The Wrong Training

Today, was my training day off.  I had signed up to take AED and re-certify on First Aid /CPR.  I got it done.  I am good for the next two years.  I am a tad early for First Aid/CPR since it’s up in December, but why wait.  Never had AED and that bothered me.
Getting trained in anything First Aid is a real goal for me.  I love learning and good Training.  All during today I kept thinking back to when I took the Wilderness First Aid class.  My friend Jerry took his at the same time and we chatted about it to see what the differences were between the Red Cross and WMI.  Basically nothing.
I obviously do this type of training also because I am the Cubmaster and I need to have it just in case.  I do have my First Aid kit and the Pack has its January First Aid Pack Meeting each year.  I have plans for that this year already.

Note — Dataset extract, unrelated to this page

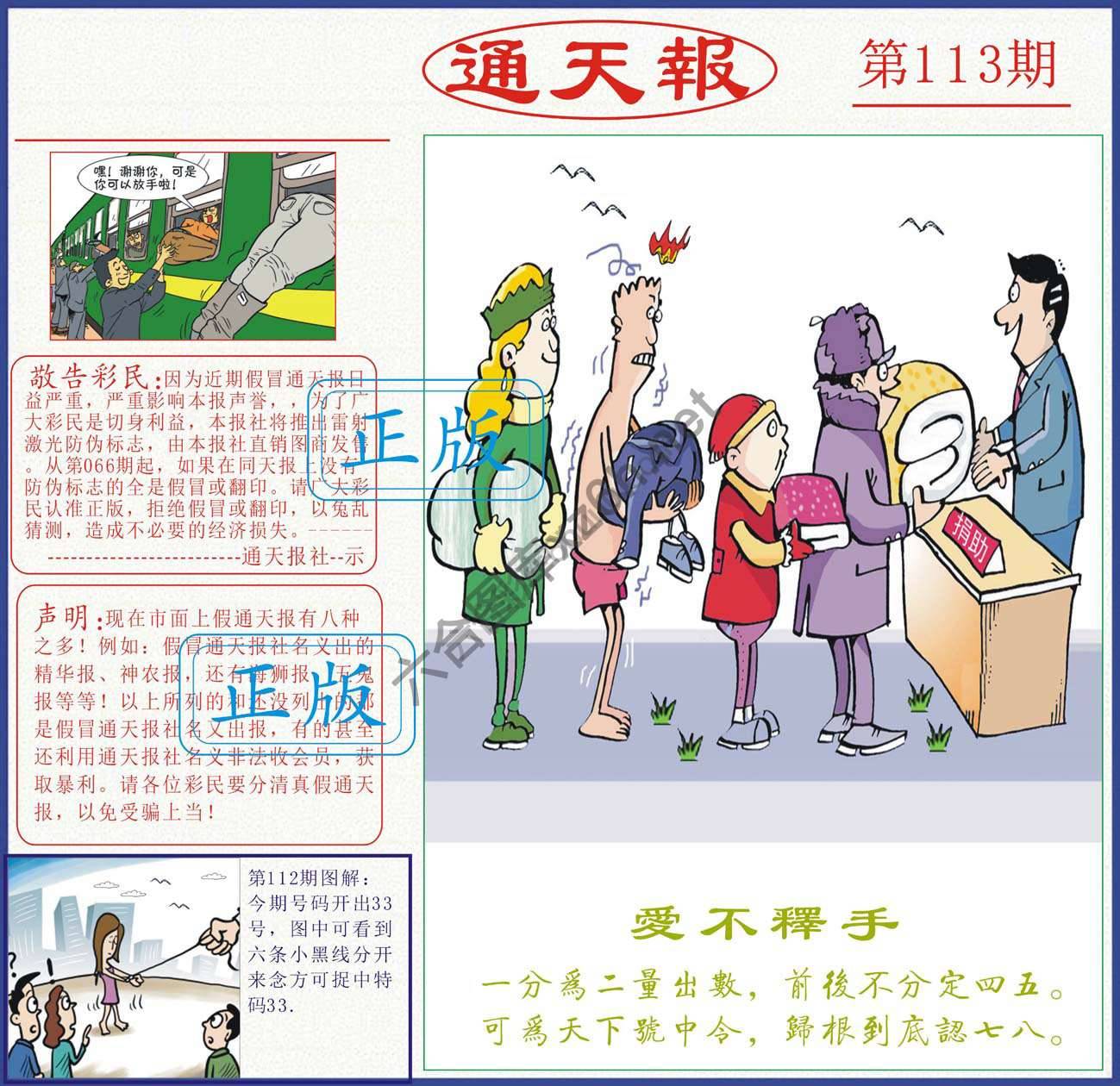 正版通天报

But today, during training I felt like I just was not getting what I needed or wanted.  I learned more about the AED and how it relates to CPR and why you want to use it.  It’s a great device.  To which, I am going to investigate the one at my kid’s School.  I need to see if they have the pediatric patches.  If they don’t I will get them.  Since it’s an Elementary school, the adult sized ones don’t really work.  It’s the difference on how much voltage it sends down.

I had a Chatty Cathy and I learned more about her, her family Ex-Husband, her diabetic cat, the fact if this woman dies he son is going to do away with it and so so much more.   Yes, I review CPR and she made us do it.  Same with AED.  But right out of the gate, she kept reading her notes, skipping from one place to the next.  Giving us her life story.

I sat there thinking, I am having Death by Powerpoint without the Powerpoint.  I had to sit through it to get my cards.  I spent $$$$ to do this.  I used a day off for this.  Yes, there were about 8 people there for work because they required it.

I cringed at some of the stuff she said.  The WMI Wilderness First Aid people had the same stories, but they were USEFUL and TIMELY.  They were in a position of authority.  This woman was just Cindy Lauper “Girls Just Wanna Have Fun” frizzy big haired woman with a Cat!   I wanted to challenge her on several topics but stopped short because a few people did.  But she beat them down with “ITS IN THE BOOK!”  The moment someone does that and references THE BOOK, it’s all over.  In the WFA class, they would get questioned and the instructors would reply back with “This is what I did when this happened during this one rescue.”

So, I didn’t because she would not learn from it.

My first Red Cross First Aid class was wonderful.  I learned alot.  The WFA class was totally amazing.  I even love it more.  It’s real world First Aid.  This class, was all video and reading from the book.  She asked if we wanted to do the bandages, slings and other First Aid demos.  Everyone said no.  You do not give a class the option of doing something that they are going to possible use in the real world. YOU DO IT!  I also suspect that the class by this time just wanted to get out and leave and get the cards.

If you want First Aid Training.  Get CPR/AED.  Take Wilderness First Aid as you will learn more and keep more from it.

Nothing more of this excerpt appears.